[Short text fragments from websites]
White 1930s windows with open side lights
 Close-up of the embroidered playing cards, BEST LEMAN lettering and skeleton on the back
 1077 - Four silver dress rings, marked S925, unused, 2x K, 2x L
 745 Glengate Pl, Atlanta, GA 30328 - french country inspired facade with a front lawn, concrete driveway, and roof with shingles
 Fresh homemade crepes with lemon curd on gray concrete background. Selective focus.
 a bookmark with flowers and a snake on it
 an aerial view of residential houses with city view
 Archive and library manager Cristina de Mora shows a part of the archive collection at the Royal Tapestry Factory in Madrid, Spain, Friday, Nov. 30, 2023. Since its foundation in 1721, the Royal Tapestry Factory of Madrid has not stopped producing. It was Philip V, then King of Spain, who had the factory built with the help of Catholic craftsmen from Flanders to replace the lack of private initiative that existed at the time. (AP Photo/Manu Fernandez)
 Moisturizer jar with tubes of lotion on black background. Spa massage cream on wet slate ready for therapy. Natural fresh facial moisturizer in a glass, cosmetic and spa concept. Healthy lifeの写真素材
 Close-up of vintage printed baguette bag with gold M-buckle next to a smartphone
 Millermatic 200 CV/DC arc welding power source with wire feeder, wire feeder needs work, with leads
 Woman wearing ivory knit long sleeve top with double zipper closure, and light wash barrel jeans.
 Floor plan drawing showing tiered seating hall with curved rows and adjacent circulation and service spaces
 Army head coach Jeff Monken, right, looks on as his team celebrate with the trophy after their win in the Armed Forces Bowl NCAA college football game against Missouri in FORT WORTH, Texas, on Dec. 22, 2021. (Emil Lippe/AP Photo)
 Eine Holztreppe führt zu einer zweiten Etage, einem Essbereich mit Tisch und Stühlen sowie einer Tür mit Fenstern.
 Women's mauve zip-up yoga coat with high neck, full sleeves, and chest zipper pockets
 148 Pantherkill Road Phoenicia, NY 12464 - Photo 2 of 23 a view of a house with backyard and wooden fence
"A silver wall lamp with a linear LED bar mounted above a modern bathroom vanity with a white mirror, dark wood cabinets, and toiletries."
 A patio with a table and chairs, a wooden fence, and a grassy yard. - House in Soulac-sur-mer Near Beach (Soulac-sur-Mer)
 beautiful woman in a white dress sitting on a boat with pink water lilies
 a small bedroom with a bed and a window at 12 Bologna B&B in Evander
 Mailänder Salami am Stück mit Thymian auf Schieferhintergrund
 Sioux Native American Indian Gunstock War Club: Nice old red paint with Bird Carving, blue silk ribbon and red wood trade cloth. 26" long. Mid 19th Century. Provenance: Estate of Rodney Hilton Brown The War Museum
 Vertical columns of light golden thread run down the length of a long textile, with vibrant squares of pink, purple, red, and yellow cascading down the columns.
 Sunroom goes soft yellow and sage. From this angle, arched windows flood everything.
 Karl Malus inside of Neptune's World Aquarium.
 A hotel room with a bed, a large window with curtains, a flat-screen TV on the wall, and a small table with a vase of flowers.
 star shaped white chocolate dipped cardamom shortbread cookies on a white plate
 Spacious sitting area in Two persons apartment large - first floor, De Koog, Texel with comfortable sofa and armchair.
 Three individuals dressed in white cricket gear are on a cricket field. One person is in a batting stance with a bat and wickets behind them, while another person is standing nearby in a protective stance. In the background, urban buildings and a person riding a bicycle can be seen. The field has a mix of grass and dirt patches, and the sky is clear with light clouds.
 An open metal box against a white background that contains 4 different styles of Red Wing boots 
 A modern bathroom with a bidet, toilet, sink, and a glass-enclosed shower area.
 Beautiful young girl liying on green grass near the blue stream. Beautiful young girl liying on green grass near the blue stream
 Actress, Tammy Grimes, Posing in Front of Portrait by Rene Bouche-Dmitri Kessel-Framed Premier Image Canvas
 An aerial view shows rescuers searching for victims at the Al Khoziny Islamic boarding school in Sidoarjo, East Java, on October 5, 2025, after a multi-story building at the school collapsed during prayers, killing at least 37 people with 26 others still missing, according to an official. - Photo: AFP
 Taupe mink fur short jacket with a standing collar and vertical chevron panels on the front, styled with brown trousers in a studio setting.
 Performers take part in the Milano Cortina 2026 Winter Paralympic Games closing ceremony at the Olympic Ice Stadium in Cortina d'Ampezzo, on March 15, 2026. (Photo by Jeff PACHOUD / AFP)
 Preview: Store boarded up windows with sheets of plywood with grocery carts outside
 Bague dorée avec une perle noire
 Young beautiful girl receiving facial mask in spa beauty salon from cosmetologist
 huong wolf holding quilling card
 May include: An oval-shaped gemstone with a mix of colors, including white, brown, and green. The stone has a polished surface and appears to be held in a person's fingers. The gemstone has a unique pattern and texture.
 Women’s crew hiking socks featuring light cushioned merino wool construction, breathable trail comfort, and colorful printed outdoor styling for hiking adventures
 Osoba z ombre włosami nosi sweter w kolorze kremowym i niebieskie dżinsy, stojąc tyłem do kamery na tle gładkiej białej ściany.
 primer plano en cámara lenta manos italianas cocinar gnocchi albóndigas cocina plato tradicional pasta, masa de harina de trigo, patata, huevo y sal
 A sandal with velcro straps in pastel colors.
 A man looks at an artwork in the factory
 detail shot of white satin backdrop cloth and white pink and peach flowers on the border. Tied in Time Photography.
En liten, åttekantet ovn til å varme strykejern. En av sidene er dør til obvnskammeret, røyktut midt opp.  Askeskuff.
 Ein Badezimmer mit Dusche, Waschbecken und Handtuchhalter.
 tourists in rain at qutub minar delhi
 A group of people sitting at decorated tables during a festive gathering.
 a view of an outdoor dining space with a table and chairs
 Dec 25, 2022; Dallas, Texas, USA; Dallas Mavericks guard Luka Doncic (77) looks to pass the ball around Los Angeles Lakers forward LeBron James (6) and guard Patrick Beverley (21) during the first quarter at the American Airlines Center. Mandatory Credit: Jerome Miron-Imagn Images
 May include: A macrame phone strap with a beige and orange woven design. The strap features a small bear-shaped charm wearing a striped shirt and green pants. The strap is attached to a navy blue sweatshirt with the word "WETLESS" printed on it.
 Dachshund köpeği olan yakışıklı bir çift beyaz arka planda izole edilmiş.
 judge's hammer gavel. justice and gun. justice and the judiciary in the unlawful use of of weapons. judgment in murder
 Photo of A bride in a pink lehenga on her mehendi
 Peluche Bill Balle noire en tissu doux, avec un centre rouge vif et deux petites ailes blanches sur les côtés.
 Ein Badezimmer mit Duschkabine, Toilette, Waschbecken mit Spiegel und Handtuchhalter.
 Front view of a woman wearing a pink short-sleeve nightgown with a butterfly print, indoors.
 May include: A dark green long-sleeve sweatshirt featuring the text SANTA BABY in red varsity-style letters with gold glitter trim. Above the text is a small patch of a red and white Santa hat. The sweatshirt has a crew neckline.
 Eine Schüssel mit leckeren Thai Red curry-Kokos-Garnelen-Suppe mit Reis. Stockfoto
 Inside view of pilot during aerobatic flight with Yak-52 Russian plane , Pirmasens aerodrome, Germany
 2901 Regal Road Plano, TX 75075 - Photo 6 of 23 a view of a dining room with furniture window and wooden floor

What the exercise asks: Among the records above, a stretch begins at the line containing "Dachshund köpeği olan" and ends at the line containing "Photo of A bride". Restate that stretch word for word, and nothing else.

Answer space:
 Dachshund köpeği olan yakışıklı bir çift beyaz arka planda izole edilmiş.
 judge's hammer gavel. justice and gun. justice and the judiciary in the unlawful use of of weapons. judgment in murder
 Photo of A bride in a pink lehenga on her mehendi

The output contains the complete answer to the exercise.